= Boris Kaufman (rabbi) =

Russian rabbi

Boris "Dov" Kaufman is a native Birobidzhan rabbi. Rabbi Kaufman has been a part of the Jewish Autonomous Oblast's Jewish community through its transitions from the 1990s into the 21st century. His congregation has been transformed, as has he, from practicing a blend of Jewish and Christian religious practices to mainstream Judaism. Rabbi Kaufman is the leader of Beit T'shuva, a small Jewish community located in Birobidzhan's old synagogue.
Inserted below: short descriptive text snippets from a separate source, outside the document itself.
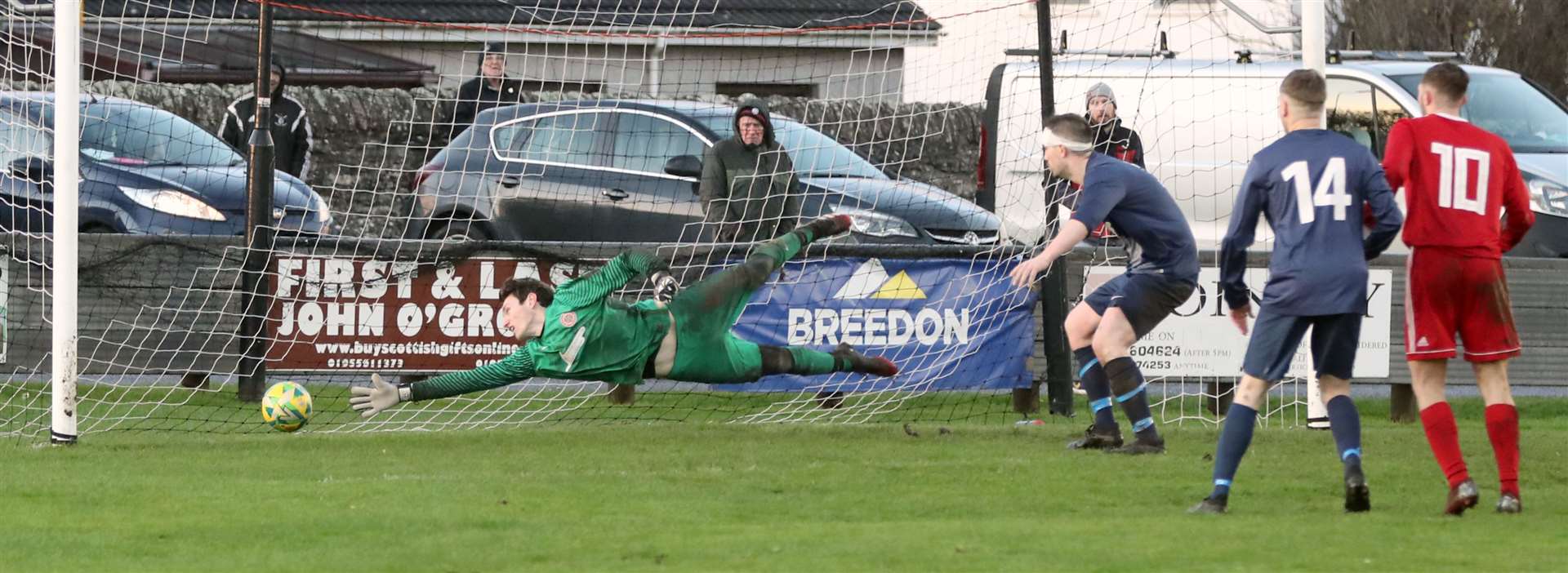 Halkirk keeper Kieran Macleod makes a valiant effort to try and stop John Budge's deflection from crossing the line. Picture: James Gunn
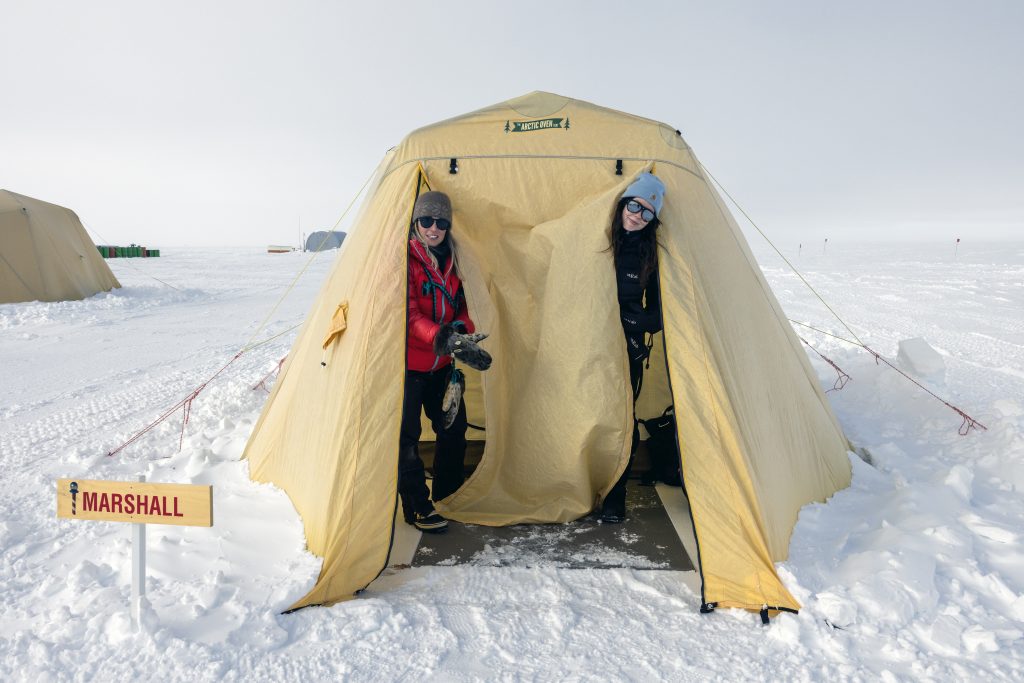 Two people in winter clothing stand smiling at the entrance of a yellow tent in snowy Antarctica. A sign reading Marshall is beside the tent, with other tents from Antarctic Logistics and Expeditions visible in the background.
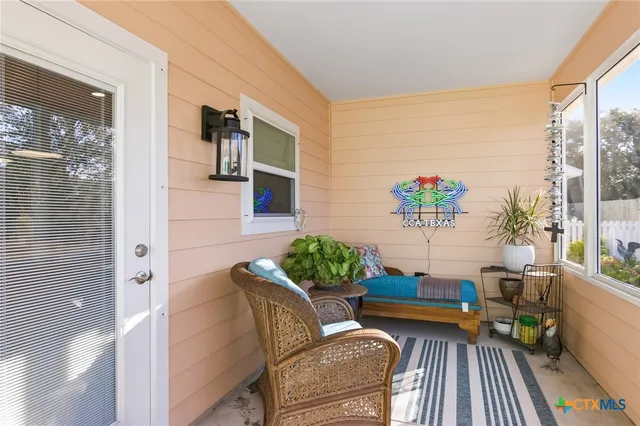a living room with patio furniture
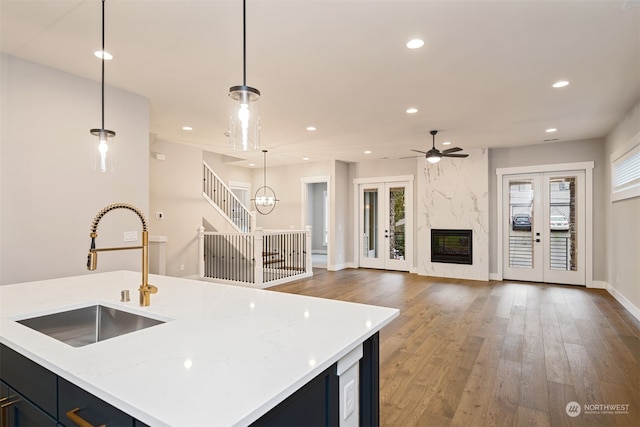 kitchen with a fireplace, decorative light fixtures, light stone counters, and sink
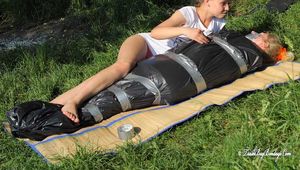 Dana & Mishel - Hitchhiker Mishel wrapped, packed and dominated by Dana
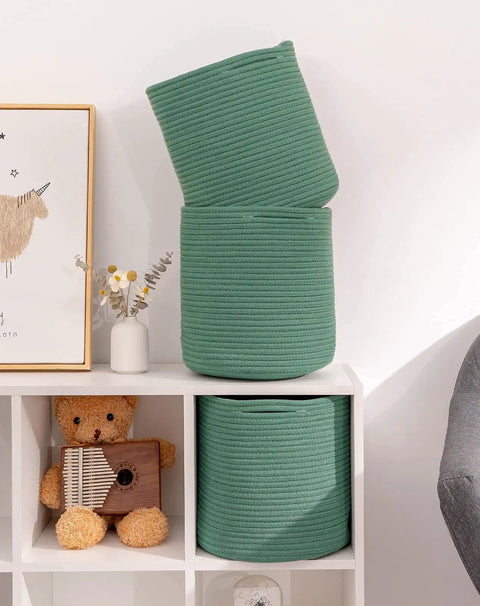 Round 11 Inch Storage Bins Set For Shelves, Durable Woven Cotton Cube Baskets in green displayed on white shelves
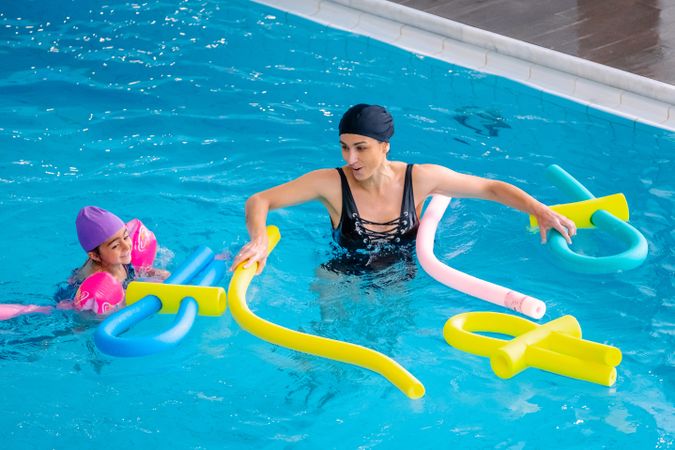 Women and girls in swimming pool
In 2010, The Christian Science Monitor reported that, "Nowhere are the ties between Jews and non-Jews here clearer than in Birobidzhan's tiny second synagogue, located on the outskirts of the city. It is Sabbath and it could be a 19th- century Jewish village were it not for the phone in the corner. The building is no more than 40 paces long, with low ceilings and a tin roof. A dozen mostly middle-aged parishioners sit on benches, a simple curtain separating men from women. The rabbi, Dov Kofman, an affable man who walks with a cane, says when the ceremony is over: "I love Israel, my son is now there serving in the army, but this is my fatherland." Suddenly a non-Jewish neighbor stops by to say hello, sitting down on one of the benches. An engineer by training, Yevgeni Stolbov oversaw the construction of most of Birobidzhan, and is now retired. "I love coming here, I would do anything to help this synagogue, it's part of my life and want to see it here forever," he says as his friend, the rabbi, looks on with a smile.